Zen Elephant at The Beehive will be mixing up the gypsy-jazz jive with a roots folk vibe to show just why they are held in such high regard on the underground folk circuit.

The Furnace will be proving that the only way is Essex, not by inviting some orange bimbo or bronzed buffoon to cash in on their fifteen minutes of fame but by inviting Rolleston regular booking Dave McPherson to bring his whole band into town. Melodic alt-metallers, InMe, have just finished supporting The Rasmus (remember them?) across Europe to promote their fifth album, The Pride and you can catch Brentwood’s finest at The Furnace with support from local icons Mortdelamer and the wonderful emo-rave hybrid that is Natural Tendancy.

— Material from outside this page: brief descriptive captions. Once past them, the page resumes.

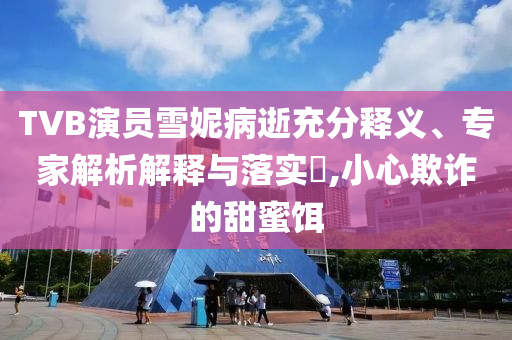 TVB演員雪妮病逝充分釋義、專家解析解釋與落實(shí)?,小心欺詐的甜蜜餌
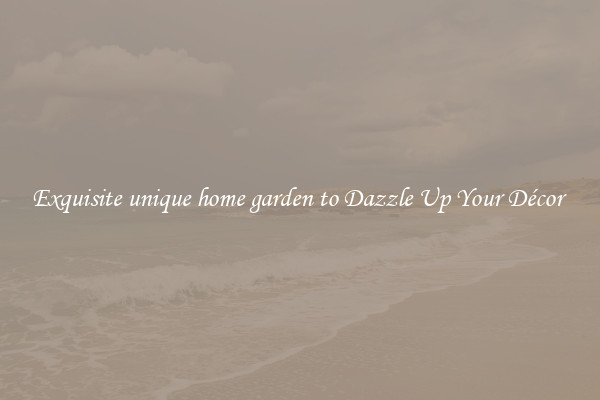 Exquisite unique home garden to Dazzle Up Your Décor 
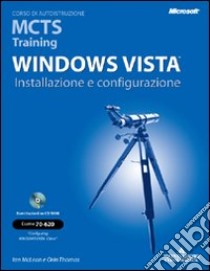 Windows Vista. Installazione e configurazione. MCTS Traning. Con CD-ROM libro di McLean Ian - Thomas Orin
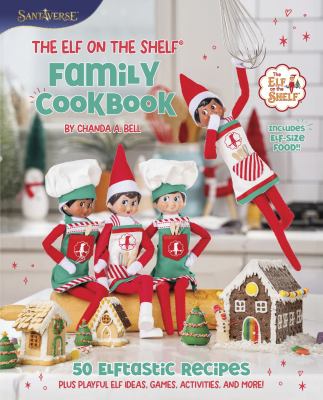 Book cover image of Elf on the Shelf Family Cookbook<br />
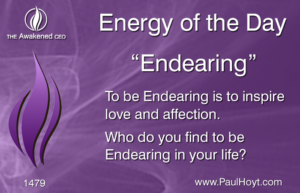 Paul Hoyt Energy of the Day - Endearing 2017-12-08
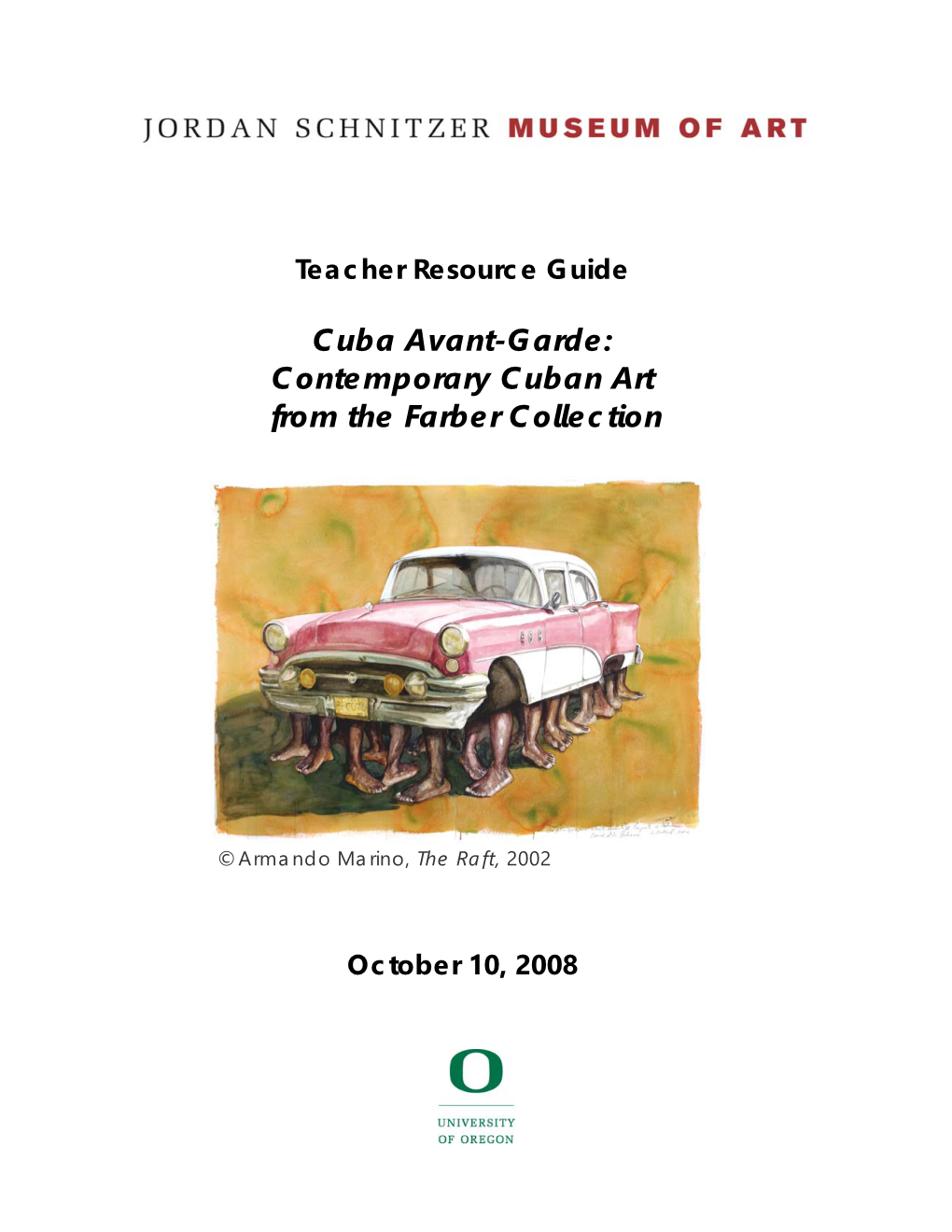 Cuba Avant-Garde: Contemporary Cuban Art from the Farber Collection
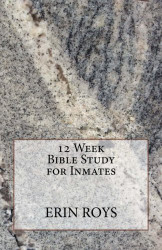 12 Week Bible Study for Inmates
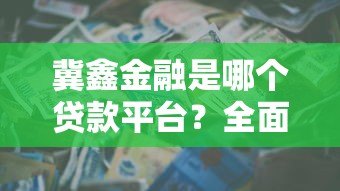 冀鑫金融是哪个贷款平台?全面解析其贷款产品与资质 冀鑫金融是哪个贷款平台?全面解析其贷款产品与资质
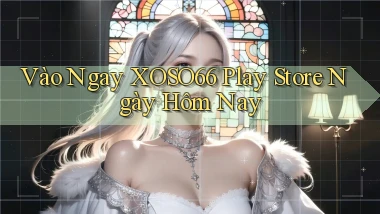 vào ngay xoso66 play store ngày hôm nay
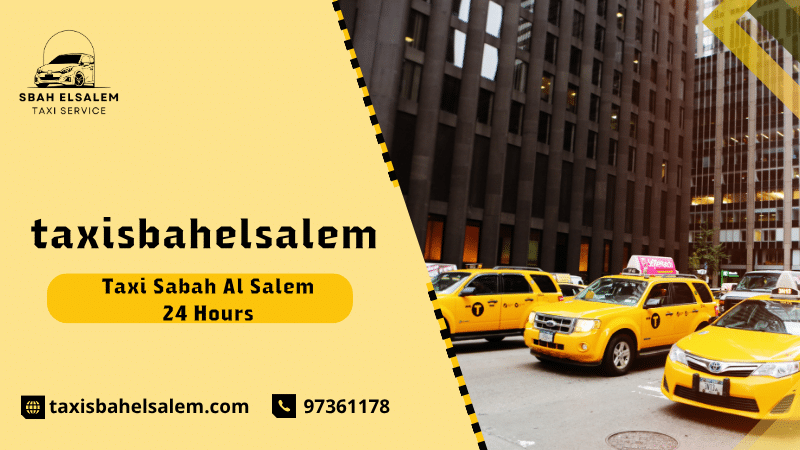 Taxi Sabah Al Salem 24 Hours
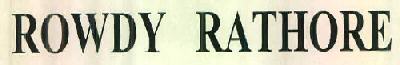 Rowdy Rathore Device mark 2689181 Trademark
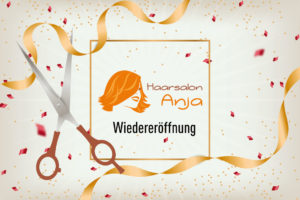 Haarsalon Anja, Friseursalon Teltow öffnet wieder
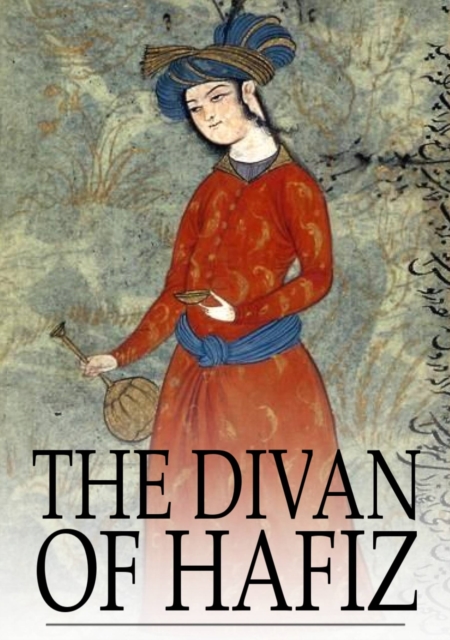 The Divan of Hafiz, EPUB eBook
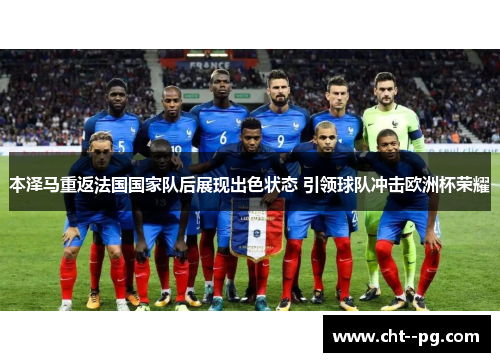 本泽马重返法国国家队后展现出色状态 引领球队冲击欧洲杯荣耀 本泽马重返法国国家队后展现出色状态 引领球队冲击欧洲杯荣耀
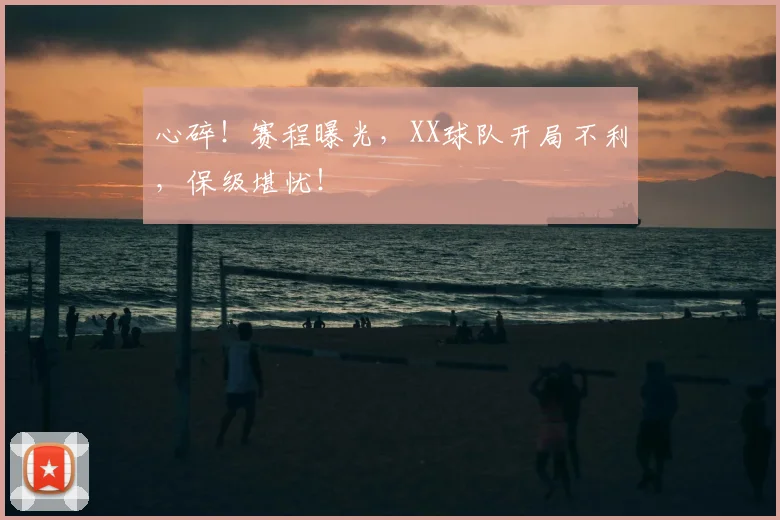 心碎！赛程曝光，XX球队开局不利，保级堪忧！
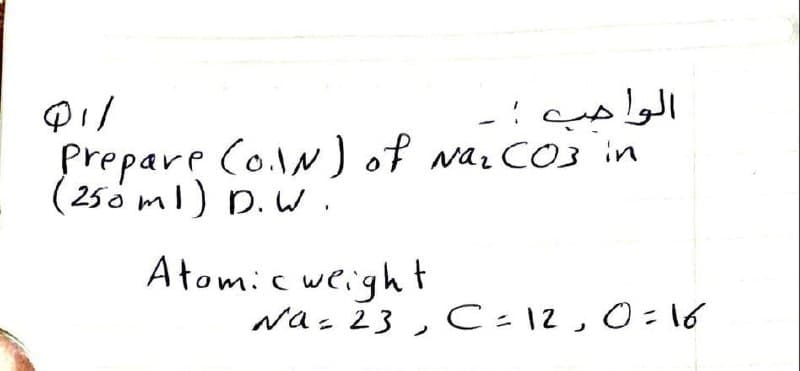 الوا حب
Naz CO3 in
Prepare Co.lN) of
( 250 ml) D. W.
Atomic weight
Na - 23 , C = 12 ,0=16
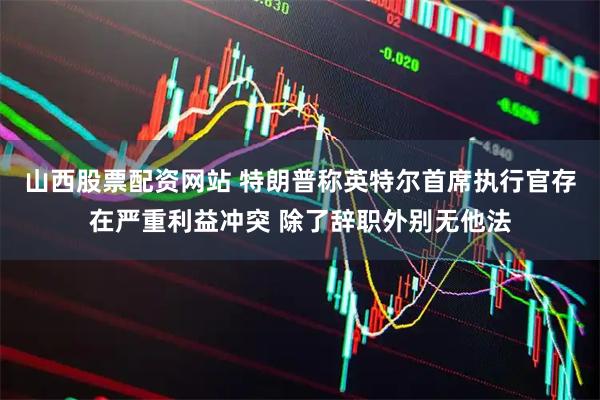 山西股票配资网站 特朗普称英特尔首席执行官存在严重利益冲突 除了辞职外别无他法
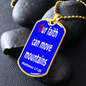 Our Faith Can Move Mountains, Matthews 17:20, Dog Tag military pendant necklace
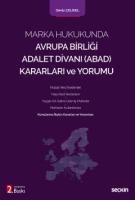 Marka Hukukunda Avrupa Birliği Adalet Divanı (ABAD) Kararları ve Yorumu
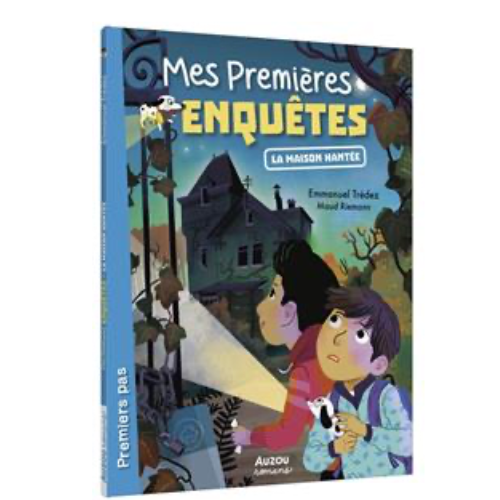 Mes premières enquêtes : La maison hantée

Competition for the rock audience comes from Riffs Bar with a night of the hard and heavy led by ascending stars of the post hardcore genre, When Words Fail. Burthru, 5 Lives Left and Fist Full of Foozy add to the weight of the night.

Saturday brings another tsunami of metal this time crashing through the doors of the 12 Bar and depositing such bands as Austria’s Give ‘Em Blood, What the Night Brings, Moments Before Oblivion and Wreckoning. I think the band names are almost prophesising what sort of night it is going to be. Not for the faint hearted.

The Sunday afternoon session at The Beehive sees the welcome return of The Shudders. Pirate fixated buffoons or deft weavers of folk, lo-fi pop, country rock and various jiggery-punkery? Well, both actually but it’s still good to have you back chaps.

Stay out for more great music at The Rolleston that evening  from The Blue Trees, purveyors of stripped back Americana flavoured rock and the flawless, soulful sounds of The Emsworth Duo.

Final shout of the week (before the editor shouts at me for taking up too much space…again!) goes to The Running Horse Sessions on Wednesday, this time showcasing a brace of acoustic duo’s, Ethemia and The Black Feathers.